A lot of silicone molding used in other fileds. Have you tried YouTube. Just a thought. Good luck.


----------



## Megan (Dec 8, 2020)

The only method I have tried that I wouldn't suggest is the hardware store silicone and dish soap method. It produces acetic acid which although harmless, the smell never cured out of my mold and I wasn't willing to use it afterward anyway. 

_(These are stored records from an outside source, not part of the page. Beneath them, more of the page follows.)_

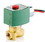 Asco 8262H002 120/60 110/50 Vac 1/8" NPT. 2 Way N.C. General Purpose Brass Solenoid Valve For Air, Water, Light Oil Replaces 8262G002, Price/each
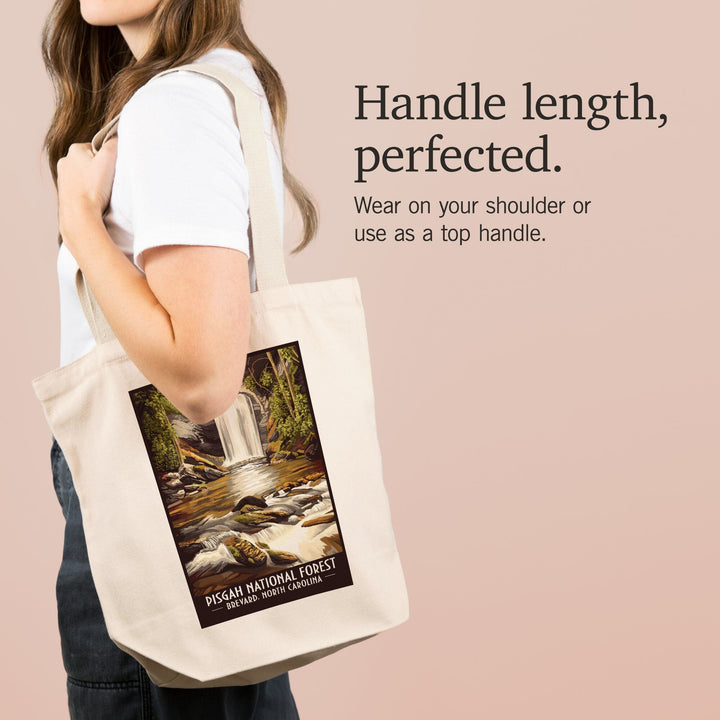 Pisgah National Forest, Brevard, North Carolina, Tote Bag Totes Lantern Press 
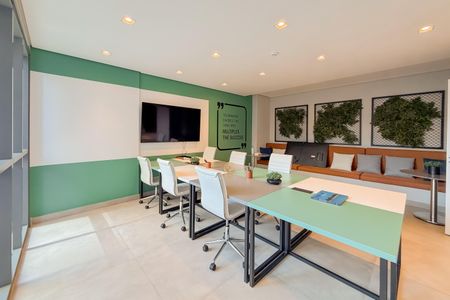 Apartamento para alugar com 28m², 1 quarto e sem vagaCoworking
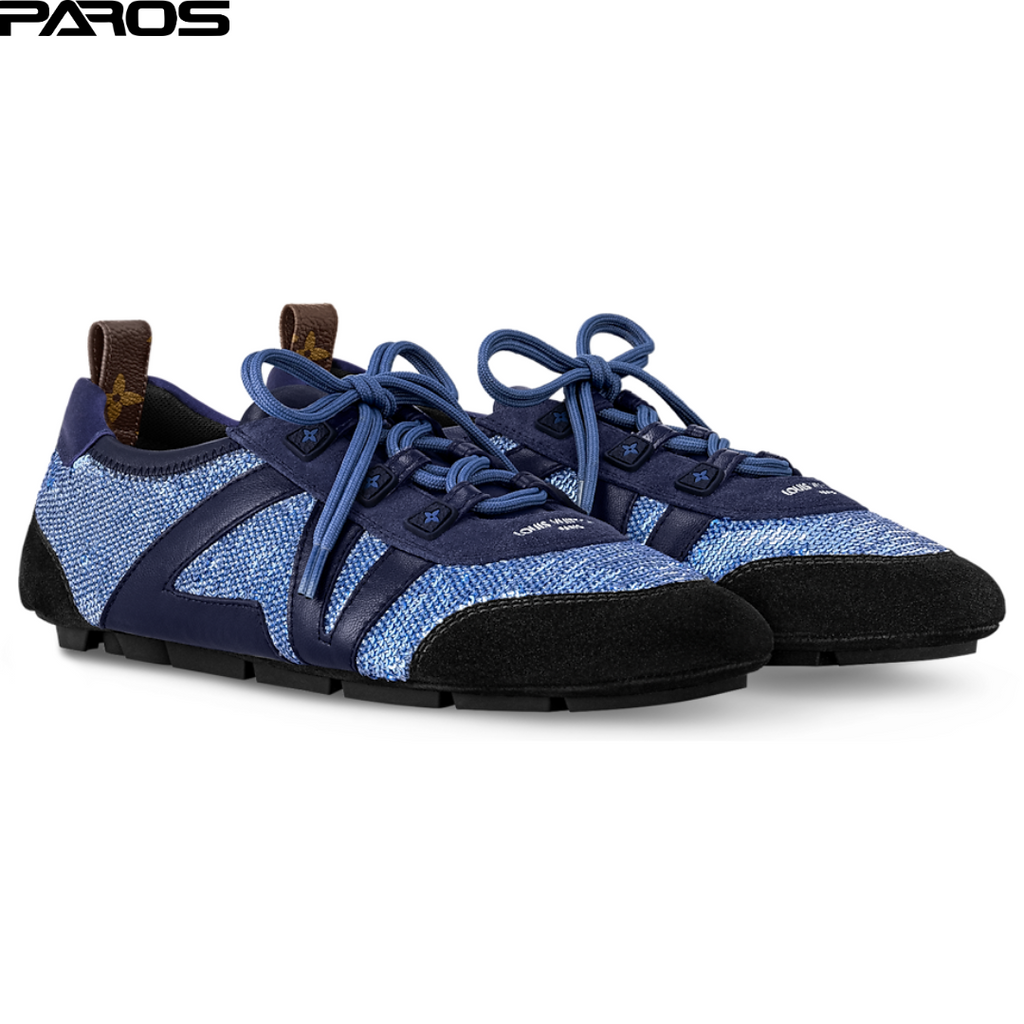 Louis Vuitton Sneakerina - Blue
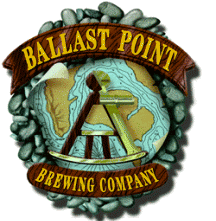 Ballast Point Schooner Wet Hop Ale beer Label Full Size
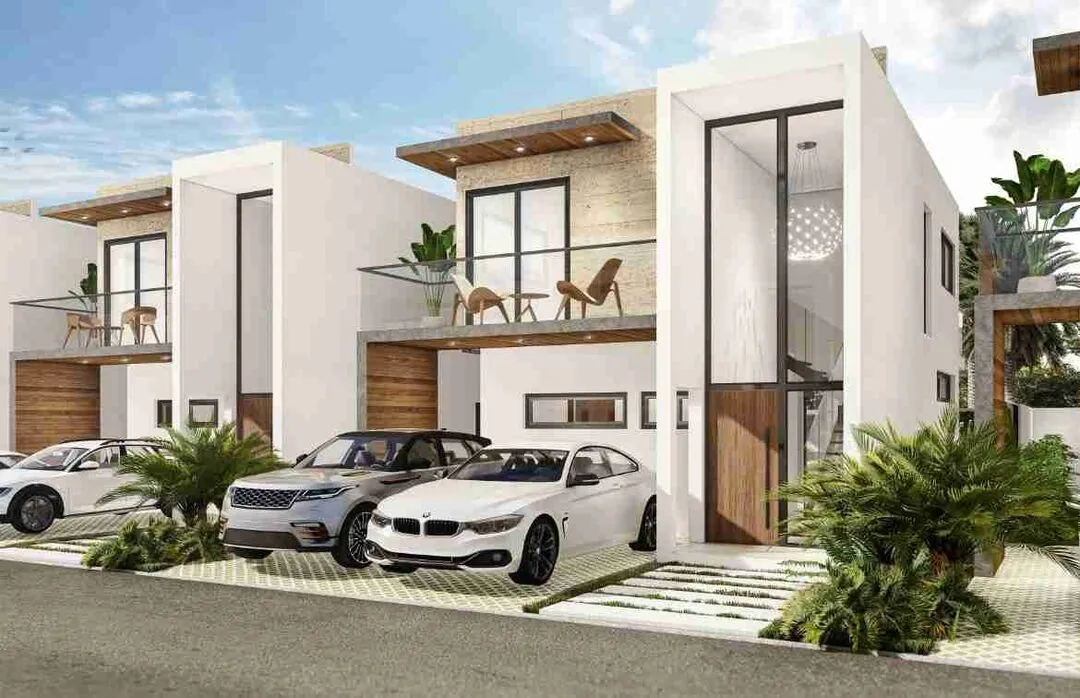Wonderful 3BR Villa for sale Punta Cana with pool and luxury finishes 1.1
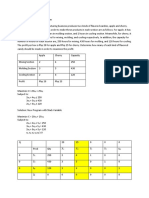 Simplex Method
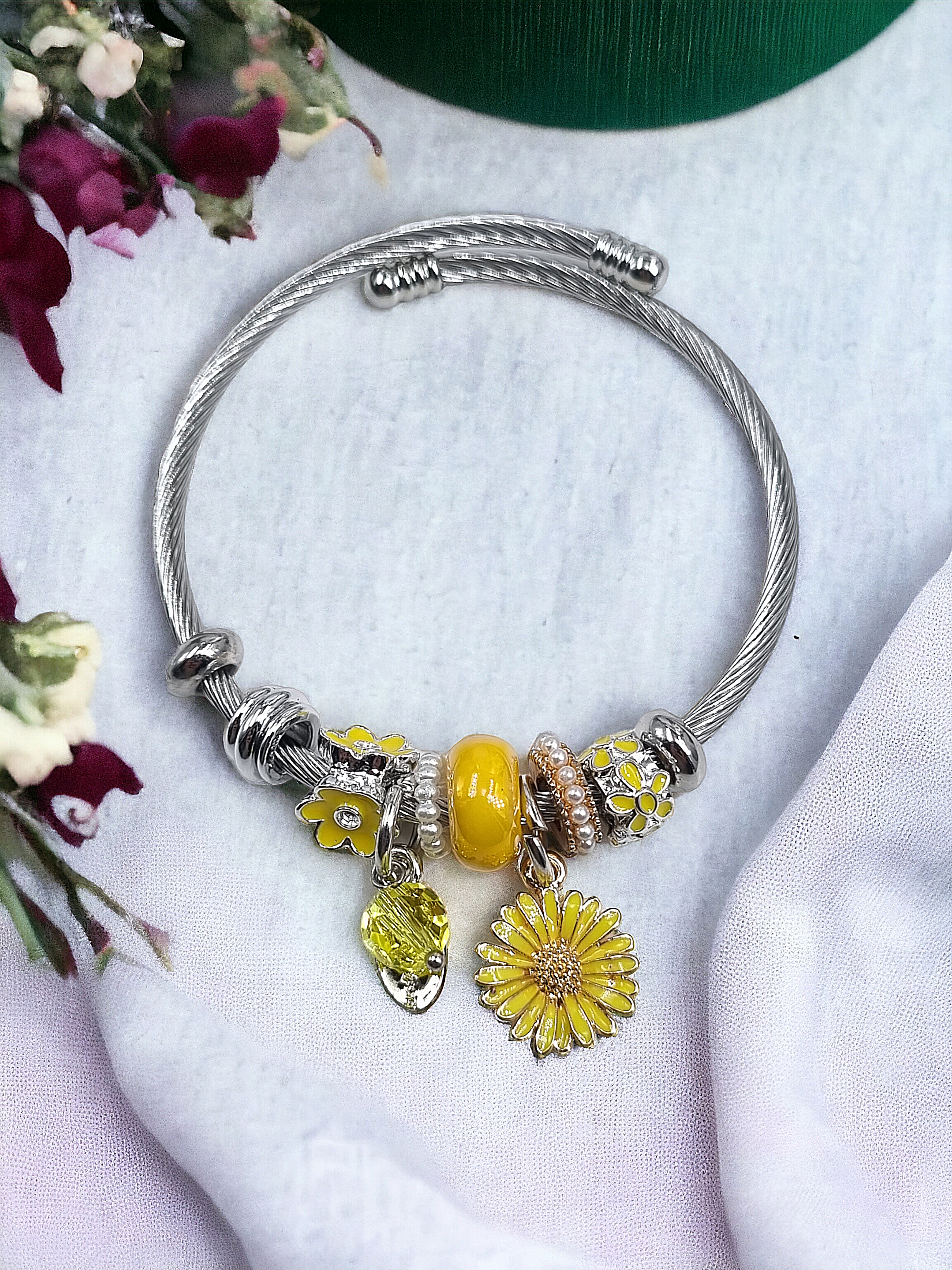 Çelik Pandora Bileklik ÇP11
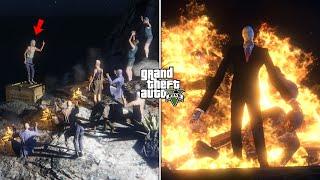 GTA 5 - Slenderman (Altruist Cult Ritual)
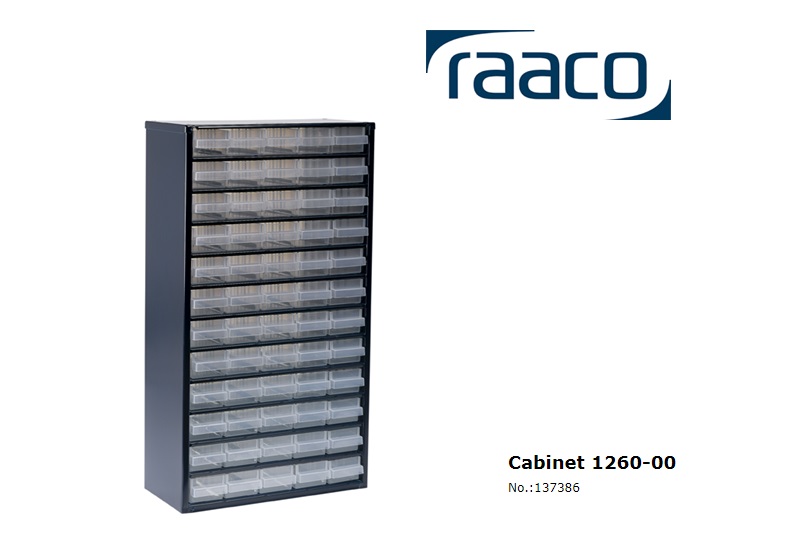 Raaco Lademagazijn Type 1240-123 60 blauw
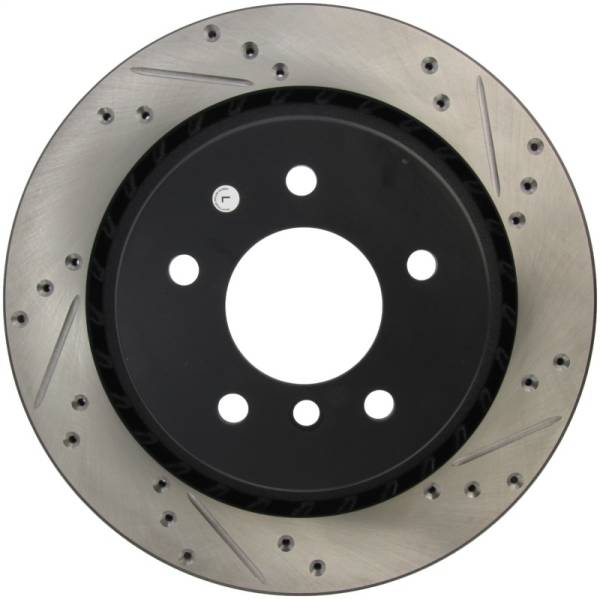 Stoptech - StopTech Slotted & Drilled Sport Brake Rotor - 127.34036L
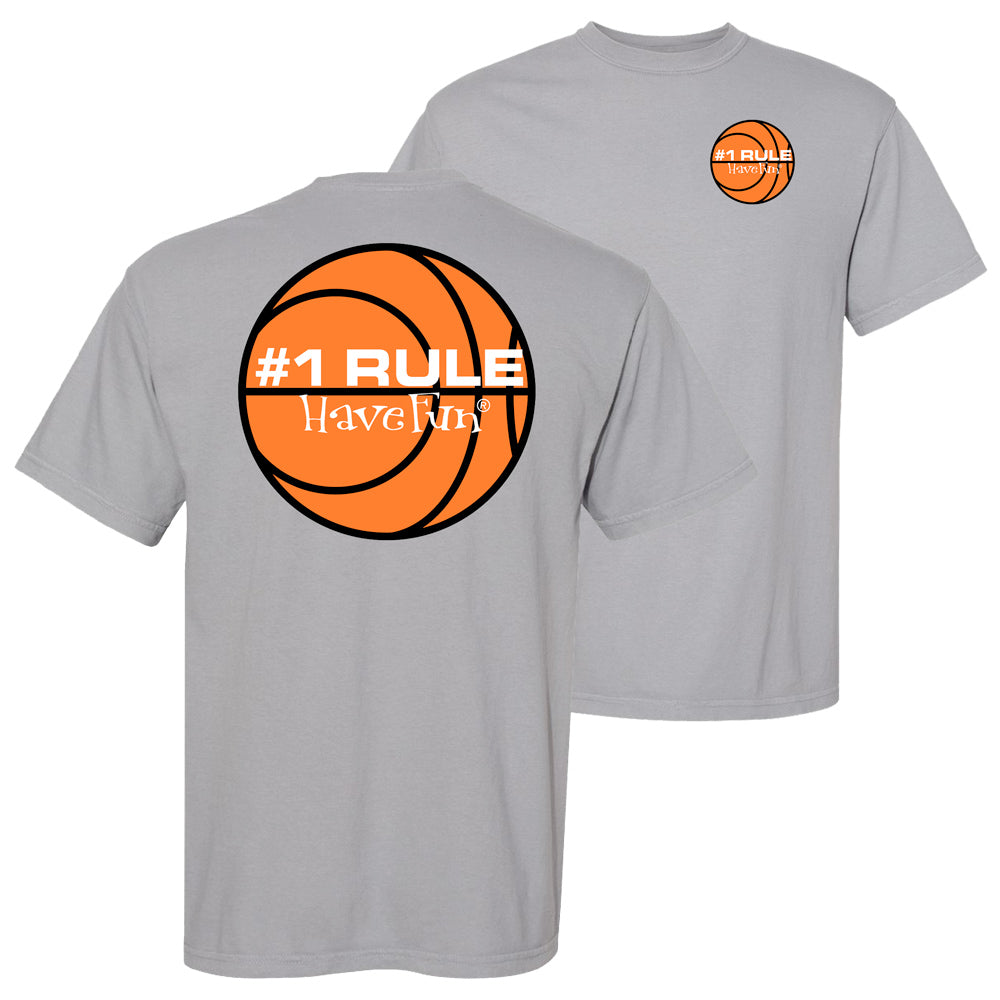 Basketball T-Shirt by Have Fun!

I looked up mold making videos on youtube, there are a lot of them by resin crafters.  I used smooth-on OOMOO 25, although you probably would like to go with a softer curing silicone if you want to make a soap mold. I found this one to be a little hard and brittle (well, not brittle, but not as flexible as I would have liked.)


----------



## TashaBird (Dec 8, 2020)

@Megan knowing what NOT to start with is super helpful! Thank you!


----------



## Jillyb (Dec 8, 2020)

I'd check out cosplay or mask making tutorials. They use alot of silicone..


----------



## dibbles (Dec 8, 2020)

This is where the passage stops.